§ WHAT THE TASK ASKS: Across all the entries, how many lines hold "Photo"? Answer with that number and nothing else.

§ RECORDED INFORMATION:
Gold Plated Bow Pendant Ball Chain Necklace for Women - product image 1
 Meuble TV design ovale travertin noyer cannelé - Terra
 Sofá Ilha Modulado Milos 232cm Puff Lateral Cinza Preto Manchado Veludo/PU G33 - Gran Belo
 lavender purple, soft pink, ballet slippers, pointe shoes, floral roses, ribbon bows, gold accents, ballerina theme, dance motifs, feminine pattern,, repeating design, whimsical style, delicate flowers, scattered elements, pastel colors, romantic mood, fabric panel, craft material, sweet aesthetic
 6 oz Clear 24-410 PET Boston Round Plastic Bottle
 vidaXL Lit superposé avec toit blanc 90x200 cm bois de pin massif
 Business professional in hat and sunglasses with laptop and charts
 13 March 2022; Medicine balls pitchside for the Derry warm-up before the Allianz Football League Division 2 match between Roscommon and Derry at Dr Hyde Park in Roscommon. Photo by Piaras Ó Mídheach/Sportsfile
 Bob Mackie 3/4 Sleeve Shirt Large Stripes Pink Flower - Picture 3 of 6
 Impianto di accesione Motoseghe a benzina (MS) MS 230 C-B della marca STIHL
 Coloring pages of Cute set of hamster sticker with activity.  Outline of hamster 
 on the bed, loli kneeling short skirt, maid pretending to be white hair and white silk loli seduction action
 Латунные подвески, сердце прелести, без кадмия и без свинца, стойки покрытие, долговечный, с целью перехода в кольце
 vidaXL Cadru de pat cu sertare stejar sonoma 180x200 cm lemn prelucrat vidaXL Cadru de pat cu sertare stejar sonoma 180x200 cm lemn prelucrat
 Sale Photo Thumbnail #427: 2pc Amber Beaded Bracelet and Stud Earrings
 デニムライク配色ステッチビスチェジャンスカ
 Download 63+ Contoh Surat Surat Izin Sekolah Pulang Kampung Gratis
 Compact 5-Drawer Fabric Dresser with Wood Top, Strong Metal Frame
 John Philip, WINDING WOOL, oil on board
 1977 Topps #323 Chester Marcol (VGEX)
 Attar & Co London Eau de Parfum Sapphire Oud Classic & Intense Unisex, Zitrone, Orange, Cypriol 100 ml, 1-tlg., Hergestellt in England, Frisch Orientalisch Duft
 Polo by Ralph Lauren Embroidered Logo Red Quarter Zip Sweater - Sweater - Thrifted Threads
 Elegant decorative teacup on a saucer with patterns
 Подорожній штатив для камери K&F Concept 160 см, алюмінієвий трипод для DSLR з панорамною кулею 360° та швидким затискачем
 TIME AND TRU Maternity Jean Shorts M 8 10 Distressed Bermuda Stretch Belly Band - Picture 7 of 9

§ EXERCISE RESPONSE: 2